Data Science life cycle process

A typical data science life cycle process involves:

1) Business Understanding
2) Data Acquisition and Understanding
3) Modeling
4) Deployment
5) Customer Acceptance

A typical interaction diagram is presented below from Azure Studio documentation.


Business understanding is the first phase and is crucial to understand what is the problem we are trying to solve. This involves understanding stakeholder expectations, understand the data requirements to address the needs, sourcing the data (internal as well as external) and formulating the business goal to be achieved.

In the Data acquisition and understanding phase we concentrate on getting the data and this involves interaction with other application teams and external sources. This involves interaction with the ETL team to acquire, clean, transform and analyze the data (including visualization techniques).

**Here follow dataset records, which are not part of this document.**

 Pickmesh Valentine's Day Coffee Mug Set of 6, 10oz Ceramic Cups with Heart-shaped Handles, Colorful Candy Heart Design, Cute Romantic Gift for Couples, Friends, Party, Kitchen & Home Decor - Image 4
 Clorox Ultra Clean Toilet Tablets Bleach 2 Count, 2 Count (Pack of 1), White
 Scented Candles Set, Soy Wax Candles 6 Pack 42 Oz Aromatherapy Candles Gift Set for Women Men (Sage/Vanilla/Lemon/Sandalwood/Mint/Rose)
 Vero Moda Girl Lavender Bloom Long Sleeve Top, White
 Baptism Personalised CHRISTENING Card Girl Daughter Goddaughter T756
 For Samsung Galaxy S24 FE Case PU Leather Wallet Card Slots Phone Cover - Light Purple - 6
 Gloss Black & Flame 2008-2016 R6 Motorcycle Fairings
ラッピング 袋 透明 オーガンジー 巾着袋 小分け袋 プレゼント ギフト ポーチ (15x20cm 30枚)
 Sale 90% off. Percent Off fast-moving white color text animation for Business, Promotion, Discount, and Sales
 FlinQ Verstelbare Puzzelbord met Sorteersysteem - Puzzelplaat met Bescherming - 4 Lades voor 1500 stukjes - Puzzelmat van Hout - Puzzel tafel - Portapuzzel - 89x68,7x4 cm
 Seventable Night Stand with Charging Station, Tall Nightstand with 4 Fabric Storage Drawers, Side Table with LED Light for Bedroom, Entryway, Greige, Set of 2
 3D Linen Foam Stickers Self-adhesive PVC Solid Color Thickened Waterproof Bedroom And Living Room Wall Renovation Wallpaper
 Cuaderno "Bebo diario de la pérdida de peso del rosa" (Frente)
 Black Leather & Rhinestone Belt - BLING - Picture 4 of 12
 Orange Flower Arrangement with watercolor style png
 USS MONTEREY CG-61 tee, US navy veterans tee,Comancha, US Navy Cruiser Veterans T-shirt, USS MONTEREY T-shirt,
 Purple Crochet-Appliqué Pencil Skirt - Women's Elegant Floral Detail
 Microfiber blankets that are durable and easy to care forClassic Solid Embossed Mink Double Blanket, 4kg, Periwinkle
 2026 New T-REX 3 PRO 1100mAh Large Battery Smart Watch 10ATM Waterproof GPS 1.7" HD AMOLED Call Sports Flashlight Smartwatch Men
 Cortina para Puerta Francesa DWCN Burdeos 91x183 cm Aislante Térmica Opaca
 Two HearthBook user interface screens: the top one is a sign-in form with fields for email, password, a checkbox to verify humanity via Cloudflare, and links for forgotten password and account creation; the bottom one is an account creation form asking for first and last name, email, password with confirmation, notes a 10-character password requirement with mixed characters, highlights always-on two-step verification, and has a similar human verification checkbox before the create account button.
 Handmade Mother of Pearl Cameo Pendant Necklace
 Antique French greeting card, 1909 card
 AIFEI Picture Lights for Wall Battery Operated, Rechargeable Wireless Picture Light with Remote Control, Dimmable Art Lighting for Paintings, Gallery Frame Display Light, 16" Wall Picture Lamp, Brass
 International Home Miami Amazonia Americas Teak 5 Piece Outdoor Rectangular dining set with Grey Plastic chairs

The modeling phase is the one where a Data Scientist or a machine learning engineer typically work on their own. Feature engineering tasks are performed to understand which features are more relevant for the problem at hand and if any additional derived features need to be created for better solving the problem. This is followed by the model training part where a choice need to be made from a plethora of existing models and if needed form an ensemble of model that best answers the question in hand. This could be an Inference or Predication task. Several techniques, such as Cross Validation or A/B testing, are available to test the model performance before it is seen fit for production deployment.

The deployment phase involves interaction with the Dev-Ops team where the model gets integrated into an existing application. Model performance plays a crucial role and the execution time of the final algorithm need to be acceptable. Issues may occur here as the typical amount of data used during model development may be far less than what is used during the final runs in production. Many of the models tend to store the computational data in memory and may slow down the system considerably. This is particularly true for Decision Tree algorithms.

Customer acceptance phase involves meeting the requirements as defined in the business understanding phase. Several metrics are available to score the performance of the models that showcase how well the model meets the requirements. One needs to keep a constant watch on these metrics to ensure the model does not deviate beyond a set of threshold limits and if necessary continue to fine tune the model and the process repeats itself.